Machine-Sewn Buttons

When I teach sewing and students ask about hand vs. machine sewing, I tell them that I machine-sew what I can and hand-sew what I must. There are times you have to hand-sew because you just can’t get the machine where it would need to be, or you need to carefully avoid sewing through all layers of something, but I’m working on reducing the rest of my hand-sewing. I showed you machine-sewn snaps years ago, and now I’ve got machine-sewn buttons.

With snaps the complication was unevenness: the presser foot was too hard to get in position, so I took it off entirely. With buttons, at least in this case (I was sewing a thick pillowcase), the complication was that they needed to have shanks. Toothpicks to the rescue!

machine-sewing a button machine-sewing a button

Pardon my lint!

machine-sewing a button: toothpicks only

There are three toothpicks under the button in this case; for a smaller button you could omit the center toothpick (this may give a shorter shank if the fabric pulls up between the two outside toothpicks, but the smaller the button the less likely you are to need a shank at all). I lined the needle up where it needed to be, placed the toothpicks, and then slid the button in between the toothpicks and presser foot.

It’s quick and easy, though I did secure the thread ends by stitching them all to the back, tying a square knot, and running them between the layers of fabric before snipping them.

a dozen sewn fabric baggies
Side note:
I made a batch of fabric baggies recently, and with the experience of using my original set for a long time I adjusted the flap size to improve them. I’ve updated the post with baggie sewing instructions accordingly.

Preventing Low-Riding Pants

Pants are difficult. Especially dress pants. If the hips and thighs fit, the waist is at least verging on too big. But dress pants’ waistbands are awful to alter – layers and belt loops and topstitching and often no pre-existing seams. What to do?

I realized that my current dress pants fit great right out of the wash, but as the fabric relaxed (mine all have a little lycra in them) they would sag down on my hips, ending up too low – they didn’t look or feel good and they became too long. I envisioned pants where the legs were made of the gently stretchy fabric but the waist was made from something with no stretch at all, and realized I could mimic that by stabilizing the waist with something non-stretchy.

So here is the technique! I did my first round of waist stabilization back in February, so I can attest it does work. It shows from the outside, but isn’t obvious, especially if you wear your shirts untucked as I do.

Acquire some narrow grosgrain ribbon, or another non-stretchy material.

1. Pin the ribbon to the inside of the waistband, just far enough from the top edge that stitching through its center will be below the top of any belt loops the pants have. You will have to pin from the inside of the waist but sew from the outside of the waist, so have the points of your pins sticking out on the outside of the waist or buried between the layers of the waistband.
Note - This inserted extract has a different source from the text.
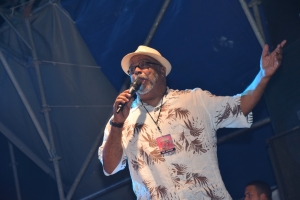 Bista fotografico anochi # 2 prefinal Caiso y Soca Monarch Festival 2017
grosgrain ribbon pinned into hem of dress pants

2. Looking at the outside of the waistband, sew a straight line down the approximate center of the ribbon. It is more important to have it straight relative to the edge of the waistband than relative to the ribbon. When you get to a belt loop, sew a bit underneath it and then backstitch. Lift your presser foot, pull the fabric out a little (so there is a small loop of thread) and start stitching again past the belt loop, starting with a backstitch to get as close as you can to the belt loop (underneath if possible).

navigating belt loops 1: approaching and sewing underneathnavigating belt loops 2: repositioning past the belt loop

navigating belt loops 3: backstitching to the belt loop

3. Trim the ends of your thread and the loops that bypass each belt loop. Complete!

stabilized waistband, stitched but untrimmed

Taking Out the Hems of Dress Pants

I’ve known for a long time that the commercial blind stitching used for hems of many dress pants and skirts is a chain stitch, which will pull right out if you start it correctly (and knot up if you don’t). Just this weekend, however, I figured out how to reliably start it correctly.

diagram of blind stitch and its removal technique

If you look at hem stitching with the end of the pants leg downward, it looks like the drawing above: a series of horizontal dashes with little slanted teardrops extending down in between the dashes. The stitching will pull out to the right. If you can easily see what you’re doing, you can pick away at the loose end of the thread – the left-hand end of where the blindstitch overlaps itself – until the loose end is attached directly to a dash, and pull from there.

If you can’t easily see what you are doing, as was the case with me this weekend (busy fabric, probably inadequate light), you can still pull out commercial hem stitch. There are four steps, shown in the diagram: first, cut the thread toward the left end of a dash. Second, pull the dash’s thread toward the right. It will probably get hung up a little (if not, keep pulling!). Third, pick at the teardrop to the left of your cut in order to free the dash thread. Fourth, pull the dash thread to remove the stitching as far as it will go!

When you can’t start at the very end of the stitching you’ll need multiple rounds of pulling to remove all the stitching, but it’s still very quick – especially compared to a seam ripper!